MRS. MALAPROP: Why, murder's the matter! slaughter's the matter! killing's the matter! — but he can tell you the perpendiculars.

And mothers do matter. Just ask Dana Ivey, the Mrs. Malaprop of the production that brings Richard Brinsley Sheridan's The Rivals to a major Manhattan venue for the first time since the Eva Le Gallienne staging of 1942. Then it was the Shubert. Now it is Lincoln Center's Vivian Beaumont, where, in a basement dressing room, we find Dana Ivey fishing out of a Whole Foods shopping bag a gorgeous, green wool throw given her by Audra McDonald (". . .she gave us all one"), the Lady Percy of last year's Henry IV at this same theatre. Dana Ivey was its Mistress Quickly. The star, Kevin Kline, occupied this very cubicle. "We call it the Falstaff Room."

Mrs. Malaprop wasn't — isn't — a mother. She's just a battleship maiden aunt who, in a ceaseless parade of her erudition, throws into her converse back-broken hifalutin words, or cockeyed approximations of same, at any and every opportunity. Ms. Ivey played her once before, under the direction of Roger Rees at the Williamstown Theatre Festival a half-dozen years ago. The present director is Mark Lamos. "When I was asked to do it now, I remembered what fun it was, and said, 'Oh yes, of course!' I'd already learned the text once. Six weeks later you can still say the lines. Six months later you have fragments. It comes in and out of your head."

MRS. MALAPROP: I am sorry to say, Sir Anthony, that my affluence over my niece is very small. Turn around, Lydia: I blush for you! It must, a non-actor thinks, be difficult to fluidly speak such near-miss bastardizations of the English language.

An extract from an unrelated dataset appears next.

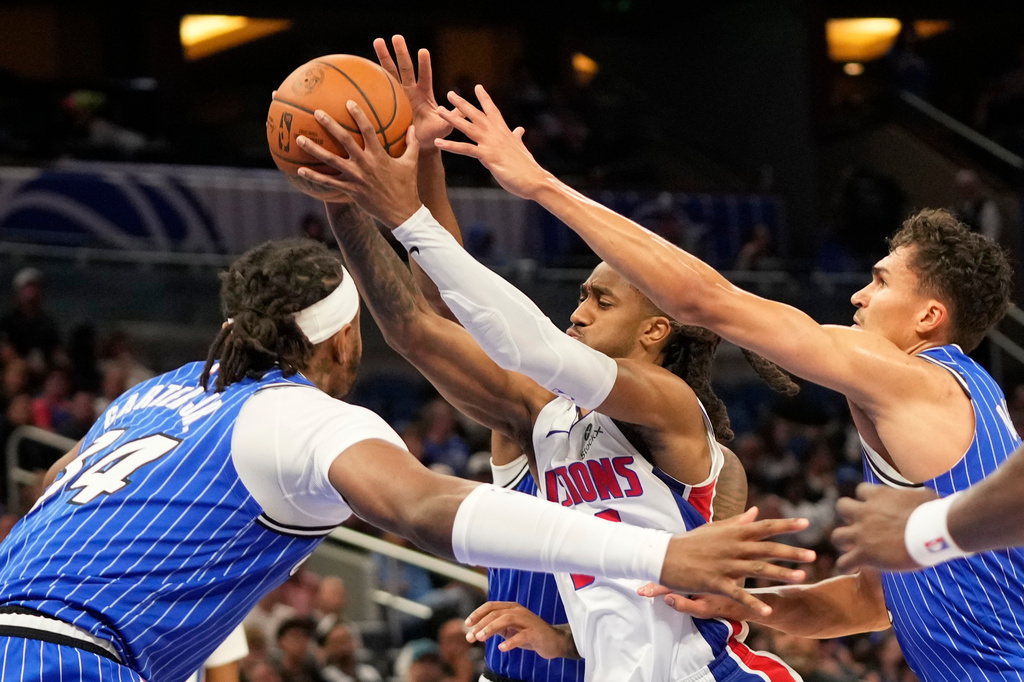 Detroit Pistons guard Daniss Jenkins, center, goes to the basket between Orlando Magic center Wendell Carter Jr., left, and forward Tristan da Silva during the first half of an NBA basketball game, Monday, April 6, 2026, in Orlando, Fla. (AP Photo/John Raoux)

"Oh no, they're fun to say."

Ever get any of them wrong? That is, get them right — straighten them out, without thinking?

"Once I did that in rehearsal. In the most famous one: 'Sure, if I reprehend anything in this world it is the use of my oracular tongue, and a nice derangement of epitaphs.' It came out: 'If I understand anything in this world . . .'"

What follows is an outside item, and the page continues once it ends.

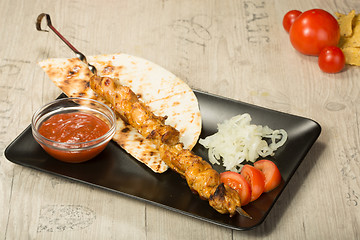 Image showing shashlik. kebab skewer, black rectangular plate. sauce and onions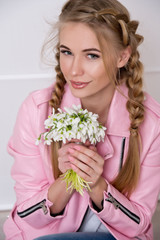 Beautiful woman with braided hair in a pink leather jacket with a bouquet of snowdrops. It's spring.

She thinks Sheridan "was clearly writing almost a roman à clef" peopled with the folk he knew all around him in Georgian London, but as for Mrs. Malaprop, Ivey has been a little startled to learn (as a recent finding of some pieces of manuscript has disclosed) "that she was actually based on a character in a play written by Sheridan's mother."

MRS. MALAPROP: Well, Sir Anthony, since you desire it, we will not anticipate the past! — so mind, young people — our retrospection will be all to the future.

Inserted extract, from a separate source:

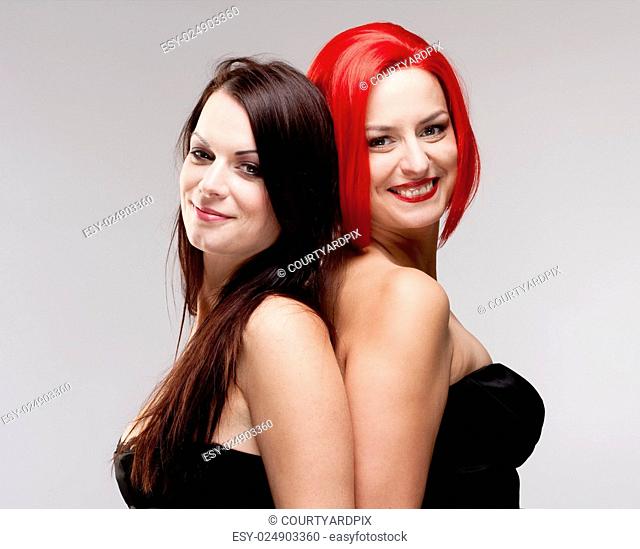 Two Young Female Friends Comparing Wig and Real Hair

Miss Ivey, have you ever known a Mrs. Malaprop in real life?

"Not per se. But my mother, when she was getting on and became hard of hearing, would repeat what you were saying after you said it, and it would often come out of her mouth as a malaprop that was sometimes funnier than the original. I think everybody does it, one time or another, don't you?"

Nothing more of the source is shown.